However, independence is not completely useless: the convergence $S_{N_{n}}/\sqrt{N_{n}}\to_{\mathcal{L}|N_{n}}\mathcal{N}(0,1)$ together with $N_{n}/n\to_{\mathbb{P}}a$ yields a joint stable convergence in law of $(S_{N_{n}}/\sqrt{N_{n}},N_{n}/n)$. As a result, with independence, the desired convergence still holds even if $a$ is a random variable with $0<a<\infty$ a.s., and the limit would be $\mathcal{MN}(0,a)$, a mixed normal distribution.

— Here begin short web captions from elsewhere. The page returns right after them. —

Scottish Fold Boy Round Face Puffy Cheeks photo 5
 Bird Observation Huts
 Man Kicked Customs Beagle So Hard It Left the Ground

For independent $N_{n}$, this is straightforward: $N_{n}\to\infty$ with probability approaching 1, conditional on this event, $S_{N_{n}}/\sqrt{N_{n}}\to_{\mathcal{L}|N_{n}}\mathcal{N}(0,1)$, since the limit is independent of $N_{n}$, it holds unconditionally. Applying Slutsky lemma together with $N_{n}/n\to_{\mathbb{P}} a$ gives desired result.

For general $N_{n}$ that is not independent of $S_{n}$, an additional (also necessary) uniform continuity condition is needed, see Aldous, David J (1978) "Weak convergence of randomly indexed sequences of random variables," Math. Proc. Camb. Phil. Soc, Vol. 83(1), 117-126.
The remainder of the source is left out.